British sculptor, one of the most important figures in the development of abstract art in Britain. She was born in Wakefield, Yorkshire, the daughter of a civil engineer, and won scholarships to Leeds School of Art, 1919–21, and the Royal College of Art, 1921–24. Henry Moore was among her fellow students at both places and became a lifelong friend. In 1924 she came second to John Skeaping in the competition for the Prix de Rome, but she obtained a travelling scholarship and spent the years 1924–5 in Italy, marrying Skeaping in Rome in 1925 (they were divorced in 1933). Her early sculptures were quasi-naturalistic and had much in common with Moore's work (Doves, 1927, Manchester Art Gallery), but she already showed a tendency to submerge detail in simple forms, and by the mid-1930s her work had become entirely abstract.
In 1931 Hepworth met Ben Nicholson and began living with him soon afterwards (they were married in 1938 and divorced in 1951). Through him she became more aware of contemporary European developments and more committed to abstraction. They joined Abstraction-Création in 1933 and Unit One in the same year. During the 1930s Hepworth, Nicholson, and Moore (who lived near them in Hampstead) worked in close harmony and became recognized as the nucleus of the abstract movement in Britain. Hepworth's outlook was already clearly formed in the short introduction she wrote for the book Unit One published in 1934: ‘I do not want to make a stone horse that is trying to and cannot smell the air. How lovely is the horse's sensitive nose, the dog's moving ears and deep eyes; but to me these are not stone forms and the love of them and the emotion can only be expressed in more abstract terms. I do not want to make a machine which cannot fulfil its essential purpose; but to make exactly the right relation of masses, a living thing in stone, to express my awareness and thought of these things…In the contemplation of Nature we are perpetually renewed, our sense of mystery and our imagination is kept alive, and rightly understood, it gives us the power to project into a plastic medium some universal or abstract vision of beauty.’
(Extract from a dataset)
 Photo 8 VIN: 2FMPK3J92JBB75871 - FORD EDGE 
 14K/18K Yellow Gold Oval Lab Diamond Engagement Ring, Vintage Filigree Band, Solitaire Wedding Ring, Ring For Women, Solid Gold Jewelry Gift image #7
In 1939 Hepworth moved to St Ives in Cornwall with Nicholson (see St Ives School) and she lived there for the rest of her life. The Cornish landscape helped to reintroduce a suggestion of natural forms to her sculpture and the ancient standing stones of the region encouraged her to use upright forms, sometimes pierced, although ovoid shapes also remained characteristic of her work. She had introduced the use of the ‘hole’ to British sculpture in 1931 with Pierced Form (destroyed during the Second World War) and she now developed this with great subtlety, making play with the relationship between the outside and inside of a figure, the two surfaces sometimes being linked with threaded string, as in Pelagos (1946, Tate). The strings open up space without volume—in this she was influenced by Naum Gabo, who had joined her and Nicholson in Cornwall. Pelagos also shows her sensitive use of painted surface to contrast with the natural grain of the wood. By the 1950s Hepworth had an international reputation and in her later career she received many honours, including the main prize at the 1959 São Paulo Bienal, and numerous prestigious public commissions, among them the memorial to Dag Hammerskjöld—Single Form—at the United Nations in New York (1963).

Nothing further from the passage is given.